Petrol pricing - the plain facts
- About 40% of the cost of an average tank of petrol is tax
- Petrol in Australia is among the cheapest in OECD countries. Pump prices in Australia follow the same trends as European and US retail petrol prices.
- The landed price of crude oil does not determine the retail price of petrol in Australia – rather, the price of petrol in Singapore forms the basis of the price of petrol in Australia. Pump prices closely follow international prices with a lag of one to two weeks.
- Pump price responses to international prices are symmetrical ie they are not "quick to rise and slow to fall", instead they are "slow to rise" and "slow to fall".
- Notional gross margins (the difference between pump prices and international prices) vary up and down with international price changes but these differences are not sustained over time.
- Retail prices do not respond exactly to international prices (MOPS95) on short time scales (up to several weeks).
- Price cycles are the outcomes of competitive tension between "discounters" typically driving prices down and "non-discounters" (or "price followers") typically driving prices up when discounting becomes unsustainable.
- The supermarket alliances operate the largest number of service stations that are aggressive discounters.
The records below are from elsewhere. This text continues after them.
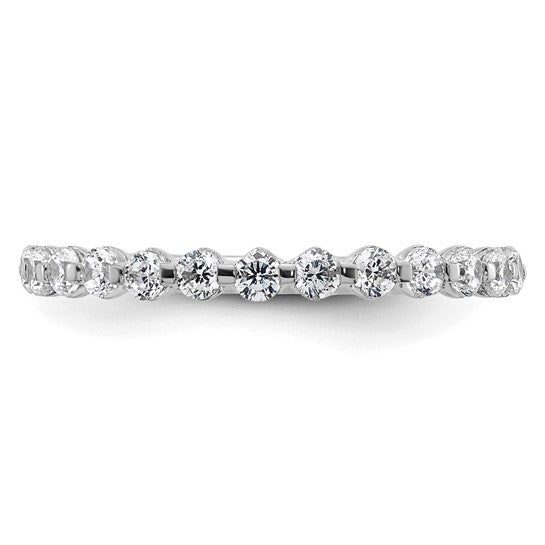 Diamond Band Ring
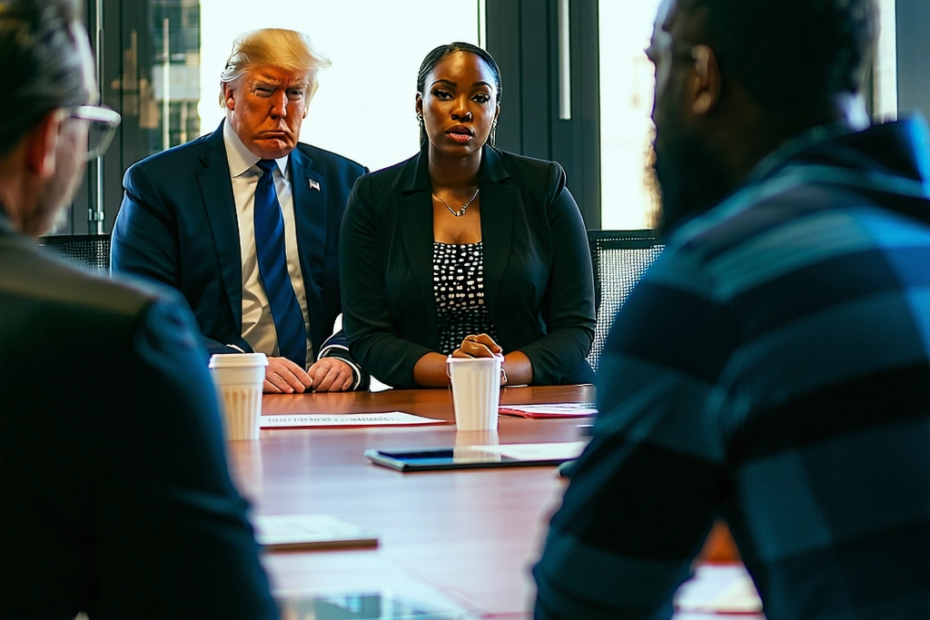 Is America on the Brink of a Political Violence Surge?
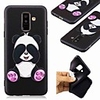 Case For Samsung Galaxy A6 (2018) / A6 (2018) / Galaxy A7(2018) Pattern Back Cover Panda Soft TPU
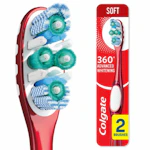 Colgate 360 Toothbrush 2-Pack
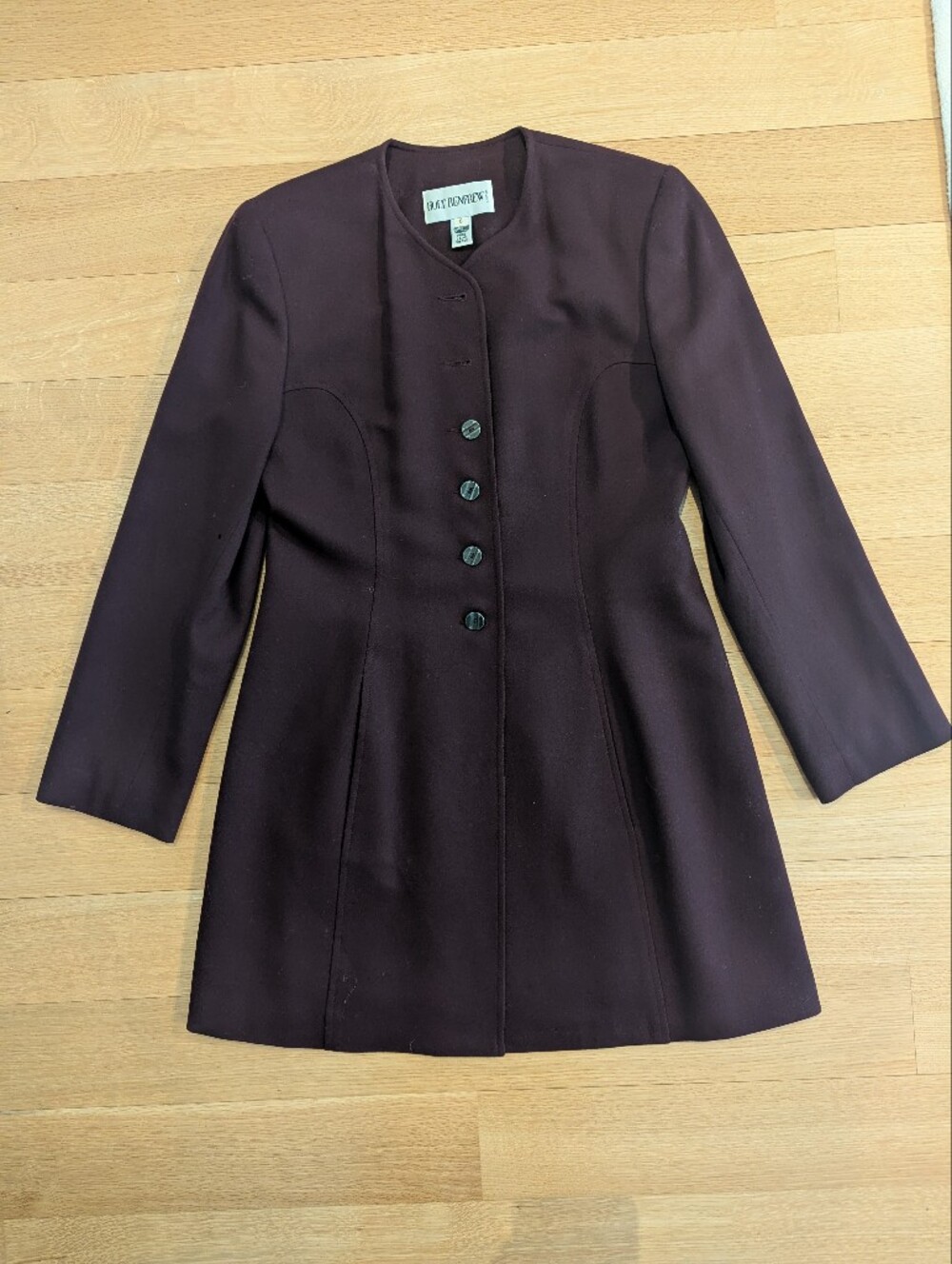 Holt Renfrew Blazer Jacket - Picture 2 of 10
In most markets, non-major oil company brands play a minor role.
- Petrol prices don’t all increase at the same time and Caltex is not aware of any collusion in pricing – only fierce competition that benefits consumers.
- Daily petrol sales respond to price cycles, to the benefit of consumers. About 55% of petrol is sold on low-priced days of the week in the three east coast capital cities compared with high priced days.
- 60 per cent or more of consumers take price into account when buying petrol, so benefit directly from price cycles.
- Prices in Brisbane, Adelaide, Melbourne and Sydney did not jump because of the Easter and Queen’s Birthday long weekends in 2006 and 2007.
About 40% of the cost of an average tank of petrol is tax
Excise is 38 cents per litre and GST is included in the total price.
Pump prices for petrol have increased by about 30 cents per litre since early 2005 – mostly due to higher crude oil prices. Australian petrol prices rise and fall in line with world prices. About 15% of our petrol is imported.
Because of strong competition, prices in larger cities are heavily discounted, typically on a weekly cycle. By watching the price cycle consumers can save by filling up when petrol is cheapest. Prices are higher in many country towns because there is less competition plus higher freight and distribution costs and lower service station sales volumes.
Australia’s petrol prices are among the lowest of developed countries. When Australia is $1.30 per litre, the US is $1.10 but Japan is $1.50 and Europe averages about $2.30 per litre.
Caltex’s average profit (on a replacement cost of production basis ie. excluding the effect on prices of inventory) across all petroleum products, including petrol, in 2006 was only 2.2 cents per litre.
The expected profit for 2007 equates to approximately 2.2 to 2.3 cents per litre on average for all petroleum products sold.
Petrol in Australia is among the cheapest in OECD countries
Australia has consistently had cheaper petrol than most other OECD countries. The chart shows that the North American countries that do sell the cheapest petrol have a lower tax component when compared to Australia's rate of about 40%.
The lower, green bar shows petrol prices excluding tax. When prices excluding taxes are compared, Australia is still among the cheapest (10th out of 29) of OECD countries, reflecting the efficient and highly competitive nature of Australian refining and marketing, notwithstanding our long supply chain.
Pump prices in Australia follow the same trends as European and US retail petrol prices
When the weekly price cycle in Australia is averaged out, pump prices reflect the same trends over time as found in Europe and the United States.
Pump prices in Australia are about A$1 per litre less than typical for Europe and about 20 Acpl more than typical for the US.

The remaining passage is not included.